- What you are asked to do -
From the first line to the last, copy the data exactly and drop the pictures.

- Supplied material -

= = = = =

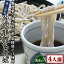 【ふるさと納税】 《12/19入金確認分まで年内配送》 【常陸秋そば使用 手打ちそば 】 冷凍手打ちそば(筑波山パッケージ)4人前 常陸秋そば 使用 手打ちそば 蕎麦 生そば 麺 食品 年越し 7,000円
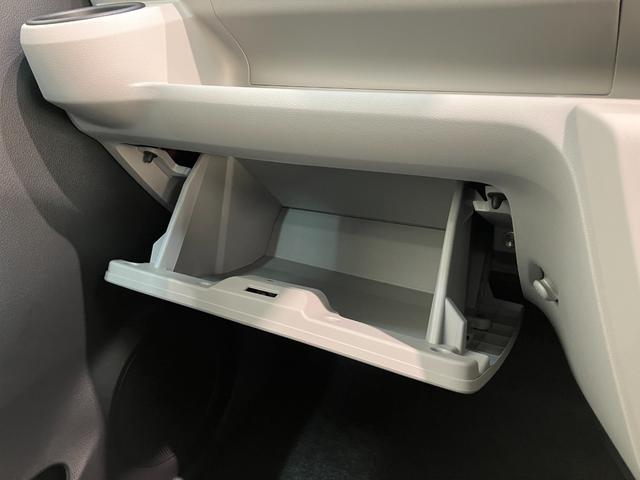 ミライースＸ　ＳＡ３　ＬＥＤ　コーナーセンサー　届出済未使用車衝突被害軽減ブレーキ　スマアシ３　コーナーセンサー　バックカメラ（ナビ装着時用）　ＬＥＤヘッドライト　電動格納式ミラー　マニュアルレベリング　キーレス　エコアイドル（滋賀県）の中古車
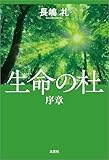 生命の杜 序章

= = = = =

- Problem solution -
 【ふるさと納税】 《12/19入金確認分まで年内配送》 【常陸秋そば使用 手打ちそば 】 冷凍手打ちそば(筑波山パッケージ)4人前 常陸秋そば 使用 手打ちそば 蕎麦 生そば 麺 食品 年越し 7,000円
 ミライースＸ　ＳＡ３　ＬＥＤ　コーナーセンサー　届出済未使用車衝突被害軽減ブレーキ　スマアシ３　コーナーセンサー　バックカメラ（ナビ装着時用）　ＬＥＤヘッドライト　電動格納式ミラー　マニュアルレベリング　キーレス　エコアイドル（滋賀県）の中古車
 生命の杜 序章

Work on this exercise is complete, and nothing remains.